FOOD AND PRODUCTS
While we as individuals don’t directly pay for the energy required to produce our
food and consumer products, the cost of that energy is directly embedded in the
cost of those products. The easy availability of fossil fuels is a huge driver of why
our agriculture and manufacturing systems are so centralized, long-distance, and
unsustainable. Natural gas and petroleum are the base ingredients of chemical
fertilizers and pesticides that make mono-crop agriculture possible, and energy-
guzzling machinery and long-distance fossil-fuel based transportation are central
to industrializing agriculture on a massive scale. Similarly, production of other
consumer goods often uses petroleum-based rubber and plastic, or uses energy-
intensive metal or wood extraction and processing in addition to long-distance
transportation. You won’t necessarily see an immediate cost reduction from
saving energy in these ways, but many actions you can take can reduce costs and
improve health and happiness even as they build demand for broader solutions.

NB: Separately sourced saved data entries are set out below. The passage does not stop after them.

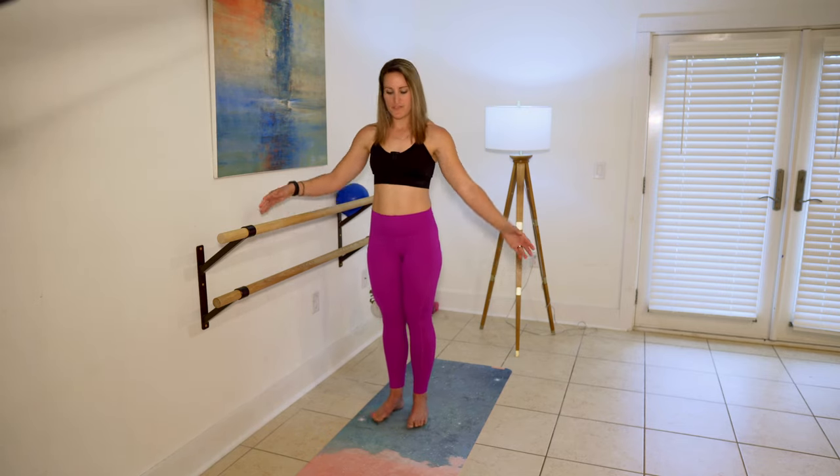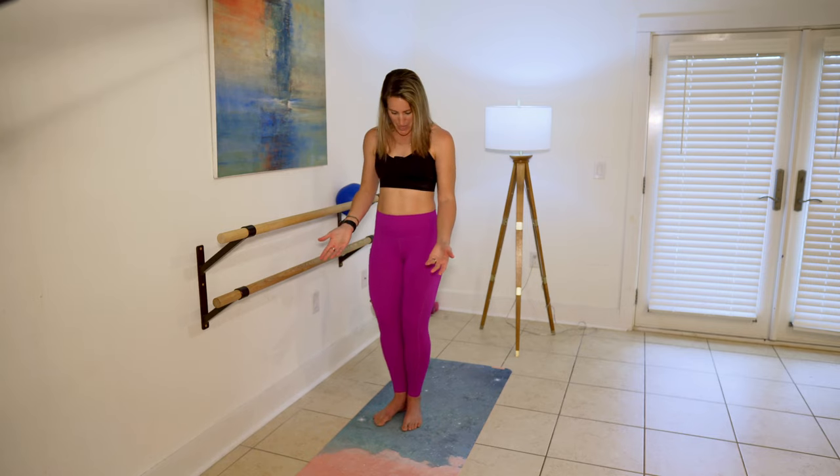I'm going to start side to my support here. Go ahead and pull your feet together on your mat. Make a V with your feet, heels together. Think of a moderate slice of pie so that when you bend your knees, your knees track down right over the middle of your second toe right here.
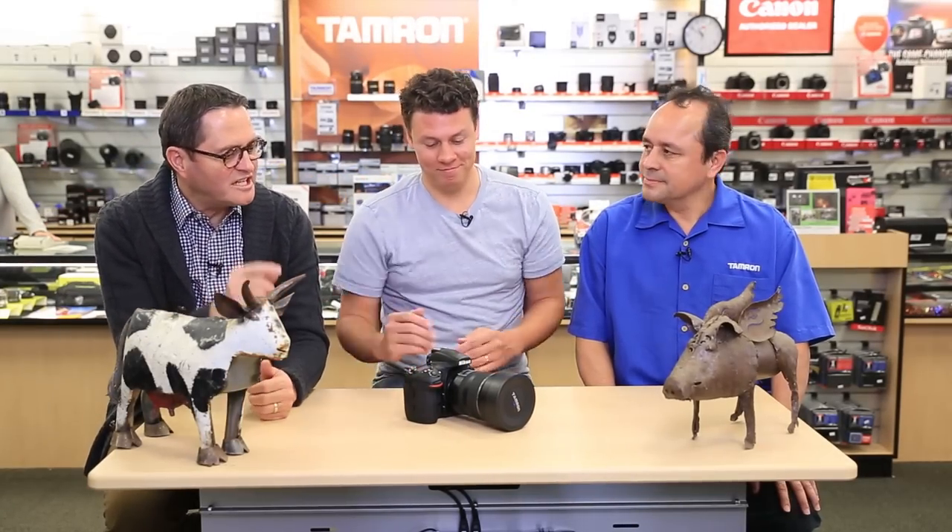We have Armando here with us from Tamron. He's going to take us through their new 15 to 30 millimeter 2.8 lens, which is pretty exciting. So Armando, tee us up — tell us what we got.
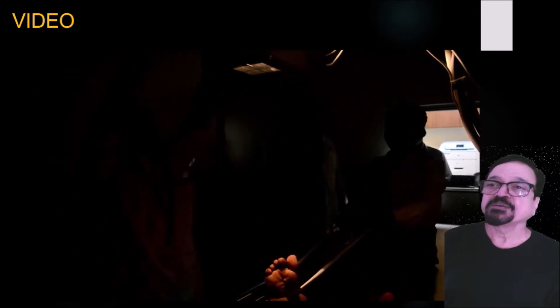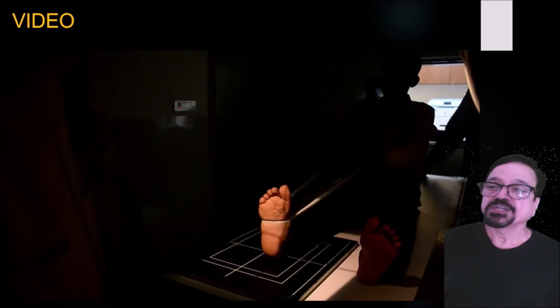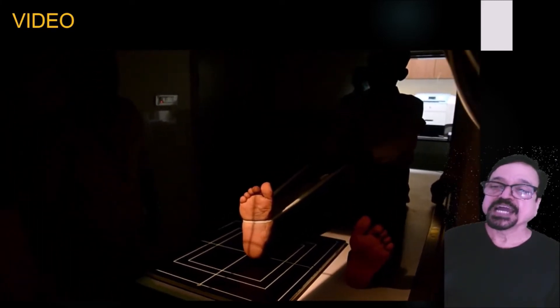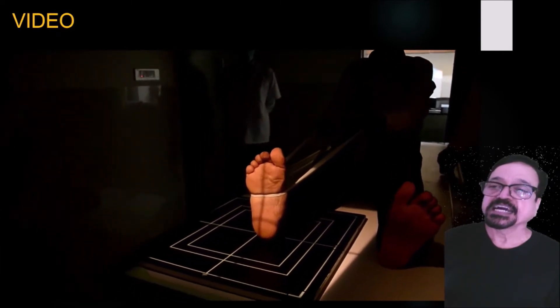When you are giving angulation to the tube, we have to go with a tube angulation of cephalad 45 degrees. That is how we give angulation. The center is kept on the calcaneus — we are centering over the calcaneus and it has to be in the center of the film as well. This is the correct way.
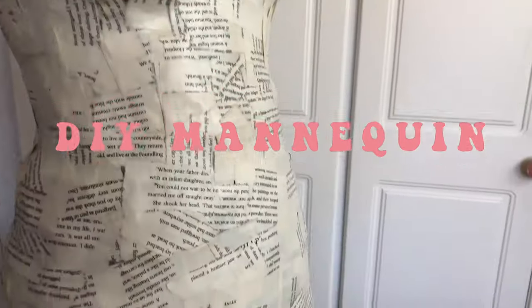Hello, welcome to my channel. Today I'm going to be making a DIY dress mannequin.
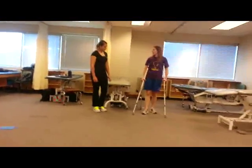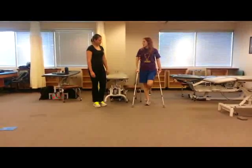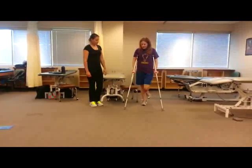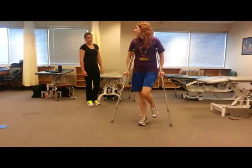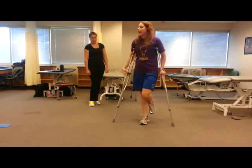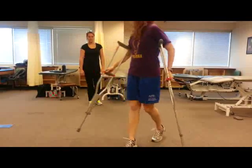With a three-point gait, this is kind of how we commonly see crutches used. If someone's non-weight-bearing on their leg and can't put weight down, they'll do the crutches first and then their leg. Crutches, and then their leg. At first, you want to just teach them to go right to the crutches like this. Once they get good at that, they can start to swing through and move a little bit faster.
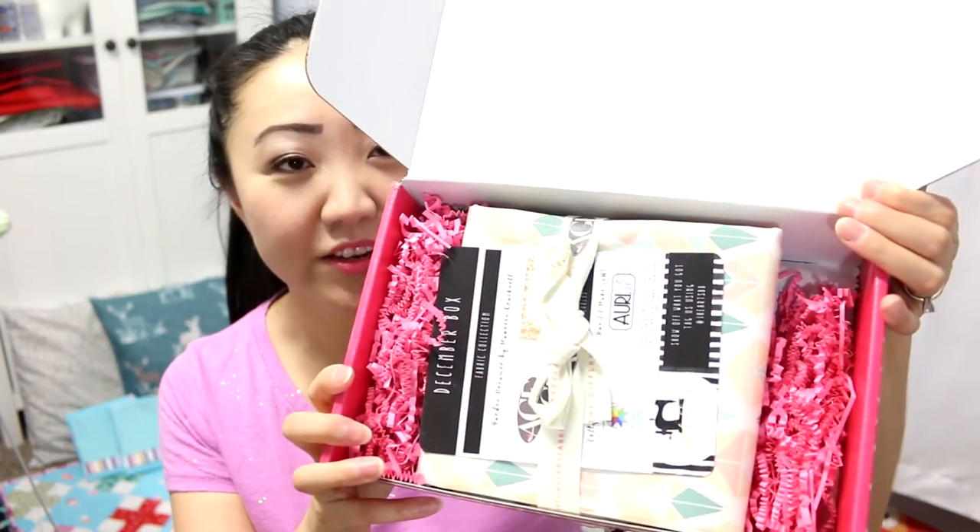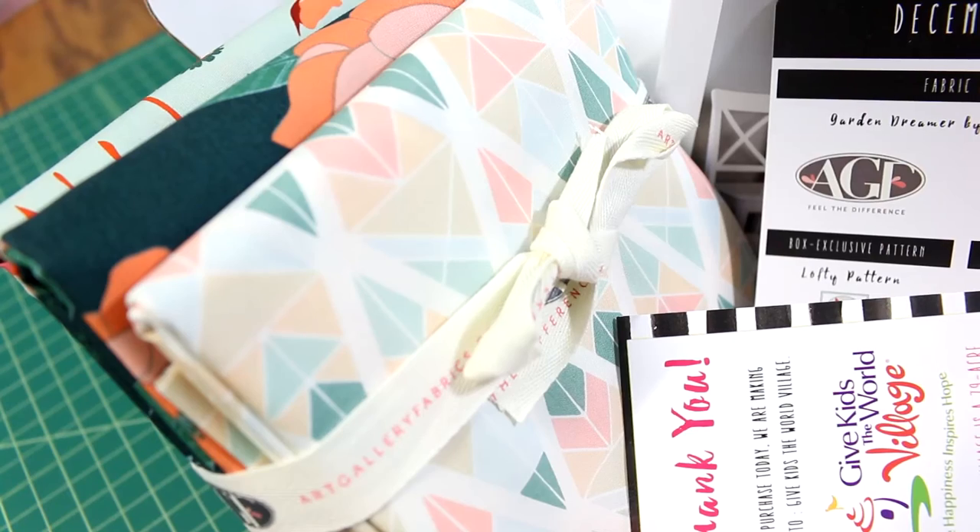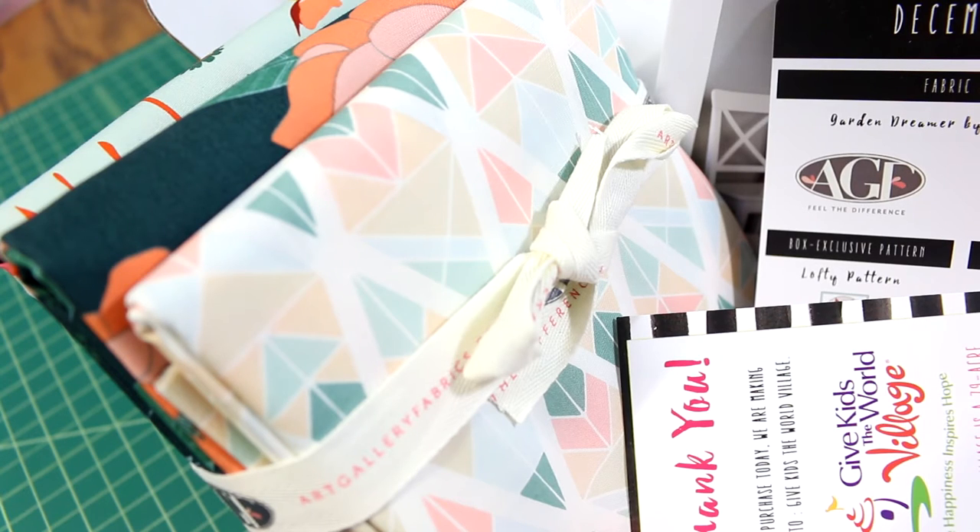Okay, same paint box — let's open this one up. I've noticed they've been on a roll lately with the art gallery fabrics, so I'm going to assume we're going to get more of the same. Alright, here's your first look. This month the fabric choice is Garden Dreamer by Maureen Cracknell. From what I can tell, this is actually pretty cool fabric. Here's a good close-up look — Garden Dreamer by Maureen Cracknell for Art Gallery Fabrics.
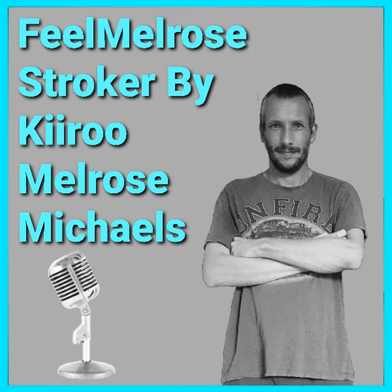If you have enjoyed this video so far please do hit that like and subscribe button and if you've been inspired to buy the Phil Melrose Stroker then there is a link in the description below. So there you have it — that's what you get when you buy the Phil Melrose Stroker from Kiru.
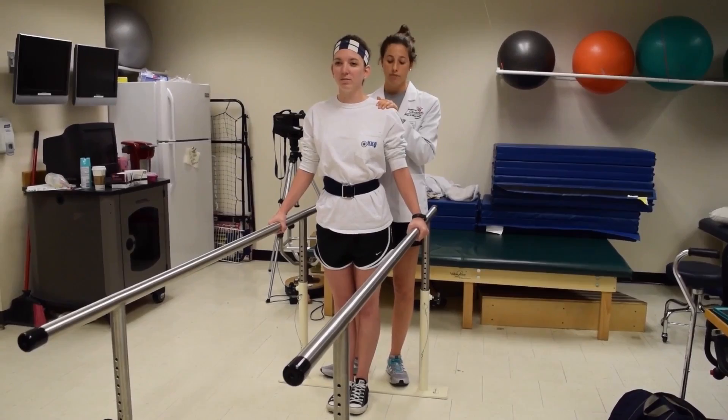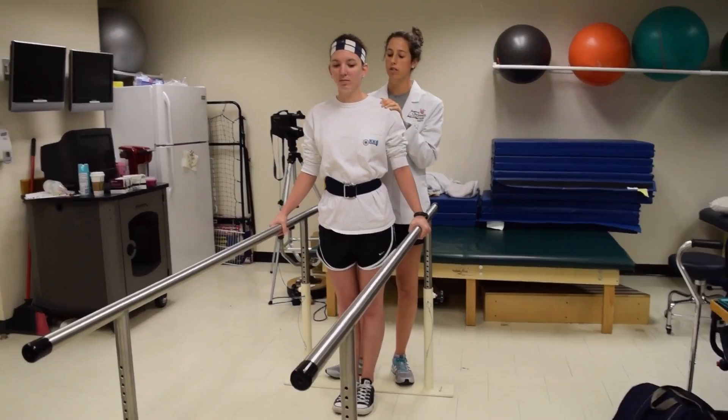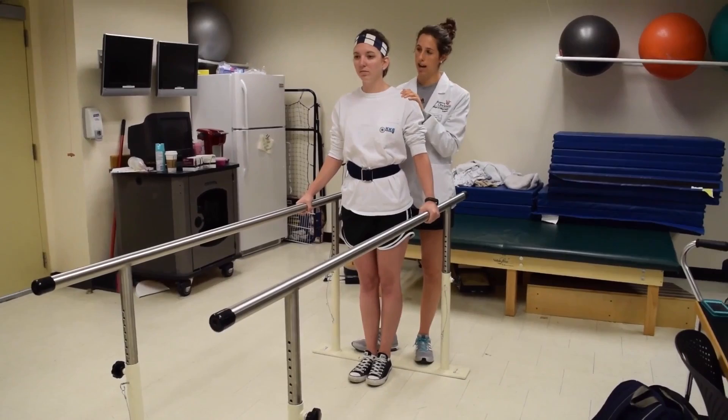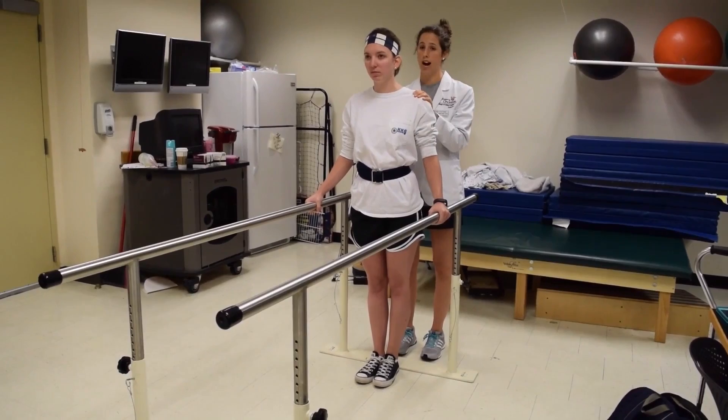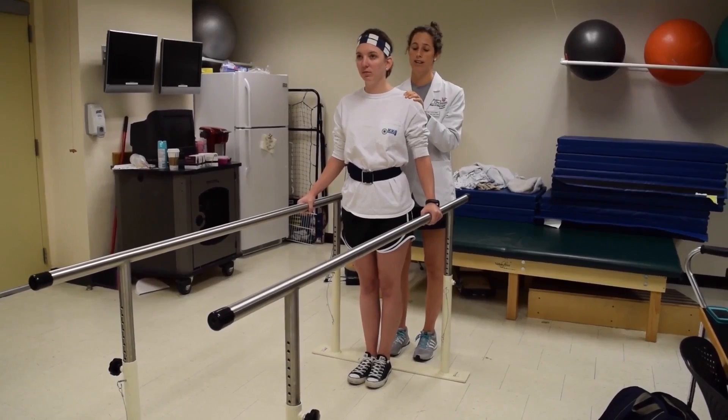The first thing we're going to do is just get Courtney used to having a little bit less stability than she has right now with these parallel bars. I'm going to be holding on to her the whole time, so she's perfectly safe. She is simply going to shift her weight to each side of her body and try to hold there for about five seconds. On the count of three, I'm going to have her shift to the left side.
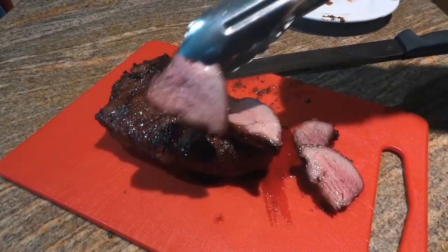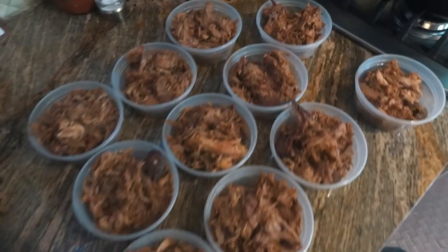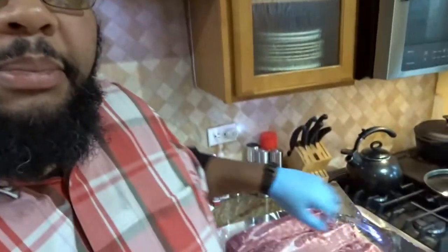Heyo, this is Dash. This is going to be a little bit of a series. My wife and I were talking the other day and we were trying to figure out how an alternative method of cooking baby back ribs would work out.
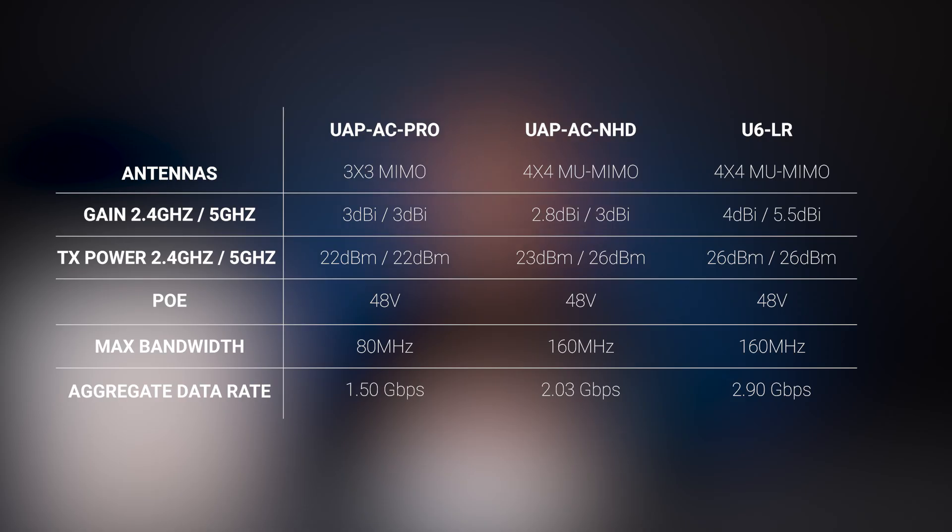In a previous video we pegged the U6 Lite as a long-term replacement to the UAP-AC Lite and AC-LR. The U6LR raises the bar and we have placed it as an upgrade to the UAP-AC Pro, and even more so the UAP-AC Nano HD, due to the 4x4 antenna array and TX power improvements inside.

This section includes a few basic principles for what you can do in this area:
Be a creator, not just a consumer. Make your own and repair when
possible. Grow some of your own food, and make some of the things you
need yourself. This can take a bit more time, but usually saves money and
can be a fun and creative activity with family, friends, and neighbors.
Turn your “waste” into resources. Compost food and yard waste to
create soil for your own food growing or a neighbors. Reuse disposable
bags, containers, and other materials, and use worn out clothes, rags, or
construction materials as rags, patches, or raw materials for new products. If
you don’t know what to do with it, ask around to find if someone can.
Find community-based ventures that are producing food and local products
at an accessible cost and maximize the proportions of getting your basic needs
from them. If you have a skill for producing something, consider starting your
own enterprise. Particularly in food production, a number of urban farmers are
providing low-cost healthy food locally. You probably won’t be able to source
everything you want from local production, but you can often find deals where
supporting these micro-enterprises is similar or less cost than buying centrally
from large distributors.
Finally, most simply, if you don’t need a physical product, or can share it with
neighbors, don’t buy it. A more vibrant local economy that uses less energy will
circulate less stuff that is difficult to produce and circulate more services/ shared
assets where people can create value by helping each other out and meeting each
others needs. Neighborhood tool-libraries, time banks, and other mechanisms for
sharing work can help build value while de-materializing and reducing the energy
needs of sustaining our economy.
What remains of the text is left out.